A coalition of families of transgender youth and advocacy groups filed a lawsuit Tuesday to stop the federal government from implementing an executive order directing the Department of Health and Human Services and other federal agencies to examine policies related to gender-affirming care for children and teens.
The groups argue in the lawsuit that President Donald Trump is unlawfully discriminating against transgender people by attempting to stop access to medically necessary health care for trans people under 19 across the country.
The order would also deny federal funds to hospitals, clinics, doctors and other providers that offer gender-affirming medical treatments such as puberty blockers and hormone therapies to anyone under 19.
“It is the policy of the United States that it will not fund, sponsor, promote, assist, or support the so-called “transition” of a child from one sex to another, and it will rigorously enforce all laws that prohibit or limit these destructive and life-altering procedures,” the order read in part.
Major medical groups including the American Medical Association, the American Academy of Pediatrics and the American Psychiatric Association support access to health care for trans youth.
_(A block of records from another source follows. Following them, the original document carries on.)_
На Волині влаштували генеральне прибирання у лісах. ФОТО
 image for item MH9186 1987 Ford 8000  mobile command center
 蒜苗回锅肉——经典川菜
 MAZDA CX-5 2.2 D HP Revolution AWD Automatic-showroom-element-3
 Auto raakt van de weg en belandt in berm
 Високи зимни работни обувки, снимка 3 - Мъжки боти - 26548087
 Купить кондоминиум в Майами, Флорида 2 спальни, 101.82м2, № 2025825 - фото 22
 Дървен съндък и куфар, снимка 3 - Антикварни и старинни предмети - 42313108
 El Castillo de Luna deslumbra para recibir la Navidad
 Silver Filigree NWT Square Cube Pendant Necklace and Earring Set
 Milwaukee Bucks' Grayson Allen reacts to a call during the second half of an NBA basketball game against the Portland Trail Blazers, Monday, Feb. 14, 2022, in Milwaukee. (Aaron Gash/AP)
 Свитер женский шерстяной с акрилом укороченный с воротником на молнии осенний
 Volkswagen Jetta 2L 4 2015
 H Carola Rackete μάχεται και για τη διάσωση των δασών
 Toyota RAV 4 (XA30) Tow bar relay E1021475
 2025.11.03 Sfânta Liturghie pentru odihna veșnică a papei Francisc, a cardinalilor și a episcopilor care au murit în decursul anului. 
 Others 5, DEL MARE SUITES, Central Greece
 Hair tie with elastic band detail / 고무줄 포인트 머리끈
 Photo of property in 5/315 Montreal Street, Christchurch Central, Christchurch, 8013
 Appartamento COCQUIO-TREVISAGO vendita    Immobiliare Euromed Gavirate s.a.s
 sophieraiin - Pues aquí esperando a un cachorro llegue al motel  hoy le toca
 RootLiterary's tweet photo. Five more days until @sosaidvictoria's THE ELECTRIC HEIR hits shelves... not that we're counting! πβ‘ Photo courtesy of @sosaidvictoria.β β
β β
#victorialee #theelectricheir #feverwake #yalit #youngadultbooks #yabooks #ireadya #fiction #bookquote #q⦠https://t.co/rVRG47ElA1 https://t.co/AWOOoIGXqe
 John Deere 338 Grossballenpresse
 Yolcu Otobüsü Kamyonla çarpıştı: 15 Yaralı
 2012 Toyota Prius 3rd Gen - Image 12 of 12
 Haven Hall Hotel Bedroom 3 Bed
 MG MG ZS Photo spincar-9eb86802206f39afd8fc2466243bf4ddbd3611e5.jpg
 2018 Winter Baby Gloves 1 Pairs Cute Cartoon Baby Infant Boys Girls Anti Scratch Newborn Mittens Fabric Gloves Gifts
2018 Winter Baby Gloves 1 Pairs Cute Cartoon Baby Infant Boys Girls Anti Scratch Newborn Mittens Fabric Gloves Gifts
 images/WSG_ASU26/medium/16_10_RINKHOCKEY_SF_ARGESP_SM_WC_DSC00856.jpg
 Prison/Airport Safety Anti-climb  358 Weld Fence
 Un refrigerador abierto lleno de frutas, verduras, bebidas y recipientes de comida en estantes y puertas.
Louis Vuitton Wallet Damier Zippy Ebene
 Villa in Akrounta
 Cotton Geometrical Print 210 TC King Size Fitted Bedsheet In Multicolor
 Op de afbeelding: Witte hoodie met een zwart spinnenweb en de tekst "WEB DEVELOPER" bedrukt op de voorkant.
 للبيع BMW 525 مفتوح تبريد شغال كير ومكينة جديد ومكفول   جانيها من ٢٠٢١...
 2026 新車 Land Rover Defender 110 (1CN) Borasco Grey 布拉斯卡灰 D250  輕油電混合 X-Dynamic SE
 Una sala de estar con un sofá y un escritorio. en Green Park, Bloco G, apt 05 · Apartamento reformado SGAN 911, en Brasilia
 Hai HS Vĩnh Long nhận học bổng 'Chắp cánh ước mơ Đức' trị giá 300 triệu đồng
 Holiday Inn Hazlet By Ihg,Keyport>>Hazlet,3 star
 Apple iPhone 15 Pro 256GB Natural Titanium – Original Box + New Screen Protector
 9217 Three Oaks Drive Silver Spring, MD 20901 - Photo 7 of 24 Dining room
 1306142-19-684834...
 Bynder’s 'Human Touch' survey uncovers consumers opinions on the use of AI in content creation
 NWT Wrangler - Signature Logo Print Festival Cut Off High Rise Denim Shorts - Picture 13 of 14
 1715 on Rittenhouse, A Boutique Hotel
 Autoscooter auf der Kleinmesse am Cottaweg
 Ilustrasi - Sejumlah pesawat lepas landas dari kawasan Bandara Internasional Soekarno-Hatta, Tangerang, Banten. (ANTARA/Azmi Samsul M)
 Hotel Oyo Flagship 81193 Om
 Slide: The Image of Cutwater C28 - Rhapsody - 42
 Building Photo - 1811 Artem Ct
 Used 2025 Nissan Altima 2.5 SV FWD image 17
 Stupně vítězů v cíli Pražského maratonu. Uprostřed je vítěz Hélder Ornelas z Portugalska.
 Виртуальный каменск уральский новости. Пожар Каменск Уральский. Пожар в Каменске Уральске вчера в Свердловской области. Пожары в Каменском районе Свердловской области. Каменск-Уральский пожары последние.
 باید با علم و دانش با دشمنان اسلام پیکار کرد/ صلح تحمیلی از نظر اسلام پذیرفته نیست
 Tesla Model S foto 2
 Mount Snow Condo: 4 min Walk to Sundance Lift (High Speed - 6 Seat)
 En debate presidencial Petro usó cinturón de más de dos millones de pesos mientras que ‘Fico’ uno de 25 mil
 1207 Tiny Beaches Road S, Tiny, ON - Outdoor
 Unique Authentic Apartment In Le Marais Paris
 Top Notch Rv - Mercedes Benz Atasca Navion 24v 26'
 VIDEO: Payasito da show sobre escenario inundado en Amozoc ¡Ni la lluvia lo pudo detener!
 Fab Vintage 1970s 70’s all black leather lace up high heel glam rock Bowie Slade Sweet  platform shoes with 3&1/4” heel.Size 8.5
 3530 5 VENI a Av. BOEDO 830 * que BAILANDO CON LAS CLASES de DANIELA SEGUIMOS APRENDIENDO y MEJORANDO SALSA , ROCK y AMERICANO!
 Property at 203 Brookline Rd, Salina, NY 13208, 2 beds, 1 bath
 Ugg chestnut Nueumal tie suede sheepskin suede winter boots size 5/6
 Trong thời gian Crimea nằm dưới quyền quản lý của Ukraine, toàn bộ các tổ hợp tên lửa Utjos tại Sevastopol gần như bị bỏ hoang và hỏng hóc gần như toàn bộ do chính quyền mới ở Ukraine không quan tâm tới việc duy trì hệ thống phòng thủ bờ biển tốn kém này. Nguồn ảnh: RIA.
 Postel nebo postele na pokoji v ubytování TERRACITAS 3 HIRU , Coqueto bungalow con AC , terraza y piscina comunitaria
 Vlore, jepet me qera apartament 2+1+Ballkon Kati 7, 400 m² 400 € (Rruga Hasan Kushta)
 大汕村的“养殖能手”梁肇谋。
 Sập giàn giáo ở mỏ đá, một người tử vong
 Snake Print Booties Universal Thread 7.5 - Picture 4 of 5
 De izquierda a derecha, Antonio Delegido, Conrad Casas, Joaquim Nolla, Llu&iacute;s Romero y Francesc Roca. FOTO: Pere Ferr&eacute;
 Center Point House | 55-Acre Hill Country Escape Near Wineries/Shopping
The 44-page complaint was filed Tuesday in the U.S. District Court for the District of Maryland. The defendants named in the case include Trump, federal agencies including HHS, the Health Resources and Services Administration and the National Institutes of Health and officials including acting HHS Secretary Dorothy Fink and acting HRSA administrator Diana Espinosa.
Karen Loewy, senior counsel at Lambda Legal, said that the executive orders exceed Trump’s authority as president by ignoring Section 1557 of the 2010 health care law, which prohibits discrimination in specified health programs or activities on the basis of race, color, national origin, sex, age or disability.
“Congress already did what it needed to do when it passed the Affordable Care Act and in doing so, prohibited the discrimination on the basis of sex, which as the Supreme Court held in Bostock [v. Clayton County], includes transgender status,” Loewy said. “So Congress has already acted here. The part of what makes the executive order unauthorized is that it is trying to ignore congressional action.”
The plaintiffs in the lawsuit are civil rights advocacy groups Lambda Legal, the American Civil Liberties Union, the American Civil Liberties Union Foundation of Maryland, PFLAG Inc., GLMA, which was previously known as the Gay and Lesbian Medical Association and the law firms Hogan Lovells and Jenner & Block.
They are suing on behalf of two transgender young adults and five transgender adolescents who the complaint says have had their health care disrupted by Trump’s executive order.
“Today’s order lays out a clear plan to shut down access to life-saving medical care for transgender youth nationwide, overriding the role of families and putting politics between patients and their doctors. We will not allow this dangerous, sweeping, and unconstitutional order to stand,” Joshua Block, senior counsel for the ACLU’s LGBT & HIV Project, said in a press release.